La culpa es del verde: el de las laderas suaves de las primeras colinas,
el de los helechos gigantes que franquean los senderos, el de los pinos que
crecen altísimos, el de esos árboles cargados de guajaca cuyos nombres nunca
llegan a tiempo. Es como si el verde se pudiera respirar. En serio.
¿Y las flores silvestres? ¡Un deleite para los fotógrafos, como toda la
zona! Las hay de todos los colores y de todas las formas. Y está el centro, con
sus cabañas de madera oscura y modesto inmobiliario; el enorme comedor pegado a
la cocina de la que salen criollos olores y el patio salpicado de rosas,
bromelias, crotos y caprichos.
Como la noche suele adelantarse y a la temperatura le da por registrar
entre 7 y 10 grados Celsius en las madrugadas, es casi obligatorio tomar jengibre
alrededor de una fogata y reír con los cuentos del grupo. La estampa queda
registrada en la memoria: las luces del fuego, el crispar de los troncos al
quemarse, el rumor de las risas. Tampoco es posible olvidar el recuerdo del
frío nocturno que taladrael cuerpo envuelto en mantas, ni el concierto
sinfónico que aves, grillos y sapos regalan al visitante.

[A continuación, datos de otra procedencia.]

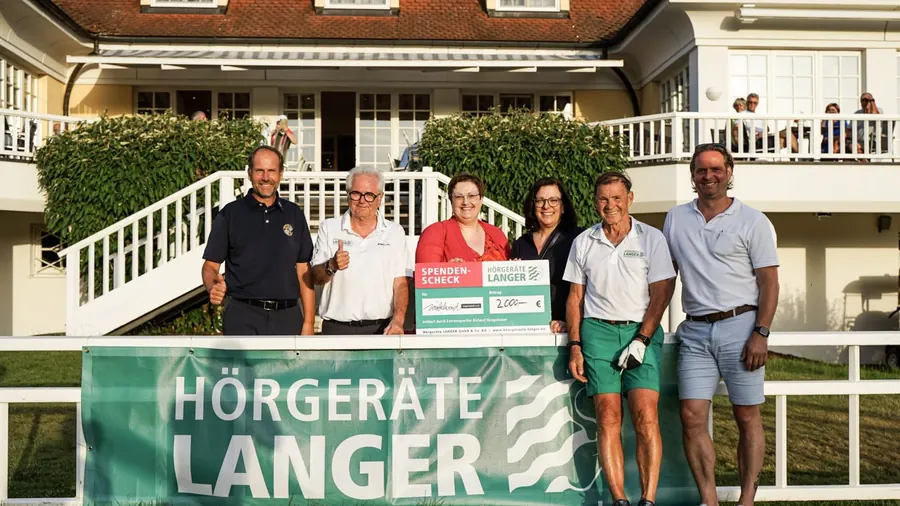 Rekord für den guten Zweck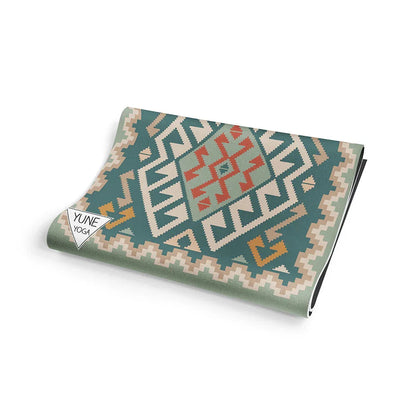 Yune Yoga Moab Plains Yoga Mat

Si prefiere la soledad, reflexionar, embobarse con la naturaleza, caminar
horas muertas entre matorrales o posar los ojos en las ramas de los árboles hasta
que asomen los colores de unas 30 especies de aves, ¡bienvenido al paraíso!
Luego llegue hasta el pueblito, comparta con su gente y conozca a
Francisco Asmar, su fundador. Pregúntele por qué la loma se llama así y por qué
decidió mudarse a este lugar hace ya 60 años. Y entonces entenderá por qué
decimos que es imposible no enamorarse de esa loma llamada Cachote.